Some junior officials tried to deny there was human-to-human transmission.

“But in my mind that means definitely there is human-to-human transmission. Because they tried to deny the possibility of H2H transmission and then the higher official at the meeting admitted that limited H2H transmission cannot be excluded.

“That means it is a human-to-human transmission disease, no doubt.”

Prof Chuang made that call before probably anyone else.

It was not be until 20 January that both China and WHO announced evidence for limited human-to-human transmission.

Taiwan is not part of WHO.

China sees the country as its own, renegade province and works hard to prevent international organisations recognising the island.

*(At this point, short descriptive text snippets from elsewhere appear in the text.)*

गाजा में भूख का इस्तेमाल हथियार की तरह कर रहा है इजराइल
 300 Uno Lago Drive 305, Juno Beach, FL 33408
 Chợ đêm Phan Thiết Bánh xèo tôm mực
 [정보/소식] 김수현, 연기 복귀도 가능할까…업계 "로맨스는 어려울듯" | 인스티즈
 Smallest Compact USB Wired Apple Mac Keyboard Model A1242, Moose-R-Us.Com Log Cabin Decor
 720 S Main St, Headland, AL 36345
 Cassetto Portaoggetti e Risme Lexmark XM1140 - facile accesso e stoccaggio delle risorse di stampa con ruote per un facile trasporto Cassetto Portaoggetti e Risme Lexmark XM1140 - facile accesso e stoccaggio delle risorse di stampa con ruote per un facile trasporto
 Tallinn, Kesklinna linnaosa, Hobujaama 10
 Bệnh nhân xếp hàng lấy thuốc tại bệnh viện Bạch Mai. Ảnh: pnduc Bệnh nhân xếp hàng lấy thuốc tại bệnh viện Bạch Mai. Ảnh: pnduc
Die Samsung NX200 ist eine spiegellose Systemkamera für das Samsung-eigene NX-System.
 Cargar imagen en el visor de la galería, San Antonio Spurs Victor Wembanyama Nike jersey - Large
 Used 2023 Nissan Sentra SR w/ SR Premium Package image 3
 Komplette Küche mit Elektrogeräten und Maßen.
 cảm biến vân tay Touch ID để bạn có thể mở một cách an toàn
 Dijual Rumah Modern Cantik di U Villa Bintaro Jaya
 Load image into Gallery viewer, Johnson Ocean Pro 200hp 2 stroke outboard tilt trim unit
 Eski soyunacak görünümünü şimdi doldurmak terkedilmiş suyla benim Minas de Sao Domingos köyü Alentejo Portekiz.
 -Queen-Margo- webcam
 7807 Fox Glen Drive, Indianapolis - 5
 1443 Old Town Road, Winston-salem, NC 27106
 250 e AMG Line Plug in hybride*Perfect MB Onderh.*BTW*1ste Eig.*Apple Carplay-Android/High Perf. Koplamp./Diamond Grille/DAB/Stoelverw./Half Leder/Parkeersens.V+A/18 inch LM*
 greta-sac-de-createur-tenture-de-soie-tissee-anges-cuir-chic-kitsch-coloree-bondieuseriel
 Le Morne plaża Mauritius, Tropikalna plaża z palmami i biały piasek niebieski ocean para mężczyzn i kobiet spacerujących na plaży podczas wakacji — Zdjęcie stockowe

Taiwan, locked out of WHO, didn’t wait for it.

At the airport, Prof Chuang was met by CDC officers and asked his advice on travel regulations.

“I said no we need to upgrade not to downgrade, we need to do more regarding the quarantine, regarding how to prevent people from Wuhan or from China bringing this disease to Taiwan.”

The next day, he and a colleague made their findings public at a press conference.

On 23 January, Wuhan locked down.

It took Prof Chuang by surprise.

“I cannot imagine the speed of the spread, spreading so quickly. Because they don’t provide the scale of the outbreak. I only knew there were 41 cases.”

A year on from the first registered COVID-19 case in China, there is much we still do not know. And there is a long way to go still.

“Right now people try to live their normal life,” Prof Chuang told Sky News.

“But before we have an effective vaccine, before everyone can get the vaccine, you can only live a semi-normal life.

“They should follow the advice to wear a mask, to wash hands more. Every person has the responsibility to protect themselves.”